Segment Start: EXERCISE DATA

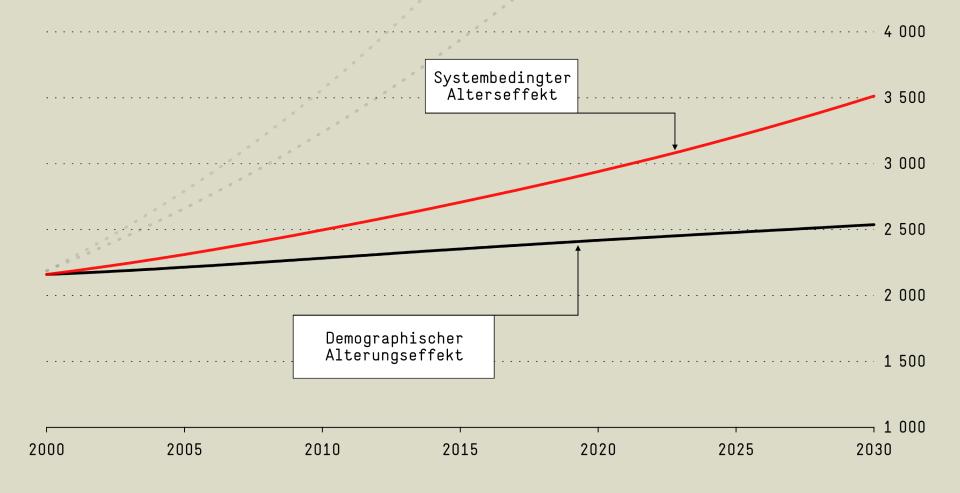 Rein demographischer Alterungseffekt: Was, wenn die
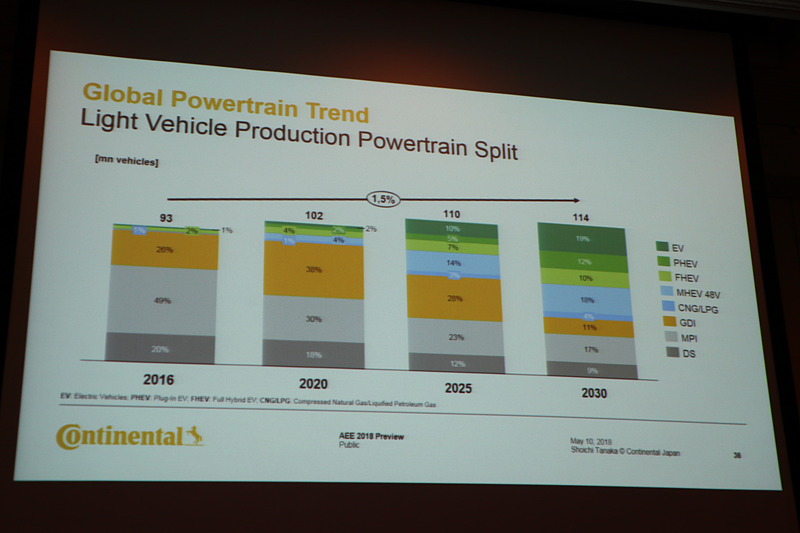 2030年までに車両の電動化は進んでいくが、80％以上の車両でエンジンが搭載されるとの将来予測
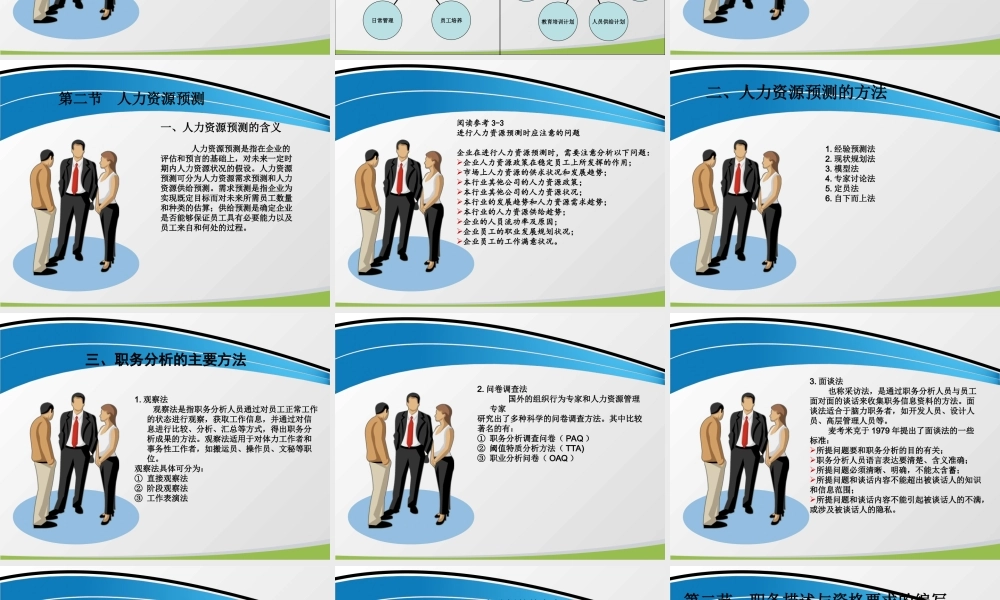 第三章 人力资源计划的编制.ppt
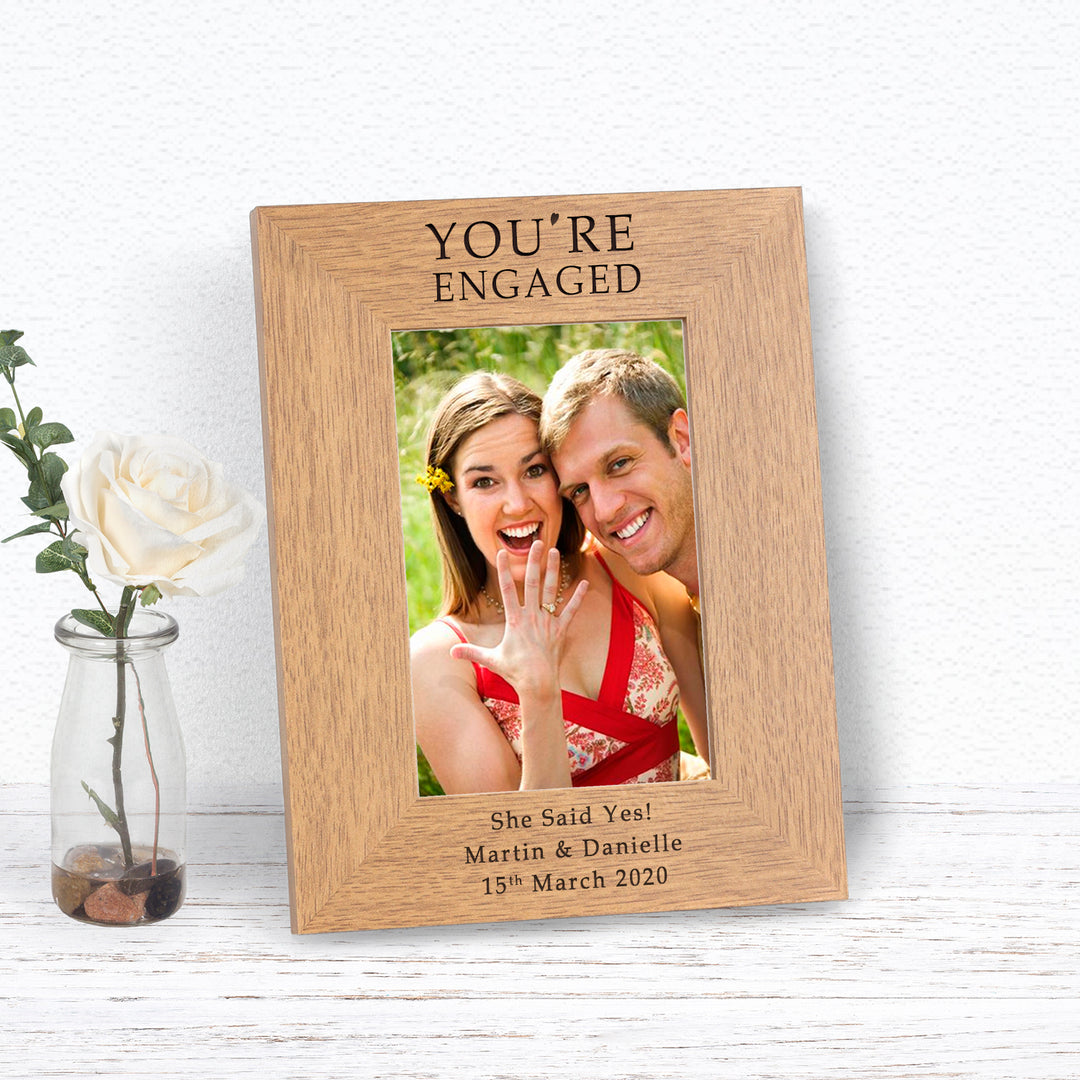 Personalised You&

Segment End: EXERCISE DATA

◆ WHAT IS BEING ASKED ◆
When you copy the data, keep every line exact and drop the pictures.

◆ FINISHED TASK ◆
 Rein demographischer Alterungseffekt: Was, wenn die
 2030年までに車両の電動化は進んでいくが、80％以上の車両でエンジンが搭載されるとの将来予測
 第三章 人力资源计划的编制.ppt
 Personalised You&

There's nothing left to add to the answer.